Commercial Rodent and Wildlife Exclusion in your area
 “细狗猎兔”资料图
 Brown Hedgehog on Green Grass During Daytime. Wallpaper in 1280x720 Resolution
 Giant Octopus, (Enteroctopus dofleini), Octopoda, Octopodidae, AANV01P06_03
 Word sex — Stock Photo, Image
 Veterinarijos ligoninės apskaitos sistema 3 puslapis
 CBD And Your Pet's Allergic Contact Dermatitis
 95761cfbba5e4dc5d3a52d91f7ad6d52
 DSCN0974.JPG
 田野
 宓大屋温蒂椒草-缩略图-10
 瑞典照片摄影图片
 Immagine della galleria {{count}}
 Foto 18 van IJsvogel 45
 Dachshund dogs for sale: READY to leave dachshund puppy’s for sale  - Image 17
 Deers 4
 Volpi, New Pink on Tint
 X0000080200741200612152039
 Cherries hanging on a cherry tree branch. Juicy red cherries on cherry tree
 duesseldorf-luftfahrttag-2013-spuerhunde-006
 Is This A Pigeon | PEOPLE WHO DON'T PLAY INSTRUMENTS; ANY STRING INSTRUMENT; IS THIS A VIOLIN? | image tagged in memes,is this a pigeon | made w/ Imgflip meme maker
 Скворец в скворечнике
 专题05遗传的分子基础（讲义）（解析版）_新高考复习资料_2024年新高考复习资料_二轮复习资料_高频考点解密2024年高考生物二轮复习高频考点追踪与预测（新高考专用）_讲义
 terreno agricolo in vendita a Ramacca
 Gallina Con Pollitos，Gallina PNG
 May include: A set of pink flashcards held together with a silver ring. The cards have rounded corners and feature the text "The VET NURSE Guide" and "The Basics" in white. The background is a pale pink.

# # # # #

[WHAT YOU ARE ASKED TO DO]
The response should consist of all the entries, reproduced word for word.

[EXERCISE OUTPUT]
Commercial Rodent and Wildlife Exclusion in your area
 “细狗猎兔”资料图
 Brown Hedgehog on Green Grass During Daytime. Wallpaper in 1280x720 Resolution
 Giant Octopus, (Enteroctopus dofleini), Octopoda, Octopodidae, AANV01P06_03
 Word sex — Stock Photo, Image
 Veterinarijos ligoninės apskaitos sistema 3 puslapis
 CBD And Your Pet's Allergic Contact Dermatitis
 95761cfbba5e4dc5d3a52d91f7ad6d52
 DSCN0974.JPG
 田野
 宓大屋温蒂椒草-缩略图-10
 瑞典照片摄影图片
 Immagine della galleria {{count}}
 Foto 18 van IJsvogel 45
 Dachshund dogs for sale: READY to leave dachshund puppy’s for sale  - Image 17
 Deers 4
 Volpi, New Pink on Tint
 X0000080200741200612152039
 Cherries hanging on a cherry tree branch. Juicy red cherries on cherry tree
 duesseldorf-luftfahrttag-2013-spuerhunde-006
 Is This A Pigeon | PEOPLE WHO DON'T PLAY INSTRUMENTS; ANY STRING INSTRUMENT; IS THIS A VIOLIN? | image tagged in memes,is this a pigeon | made w/ Imgflip meme maker
 Скворец в скворечнике
 专题05遗传的分子基础（讲义）（解析版）_新高考复习资料_2024年新高考复习资料_二轮复习资料_高频考点解密2024年高考生物二轮复习高频考点追踪与预测（新高考专用）_讲义
 terreno agricolo in vendita a Ramacca
 Gallina Con Pollitos，Gallina PNG
 May include: A set of pink flashcards held together with a silver ring. The cards have rounded corners and feature the text "The VET NURSE Guide" and "The Basics" in white. The background is a pale pink.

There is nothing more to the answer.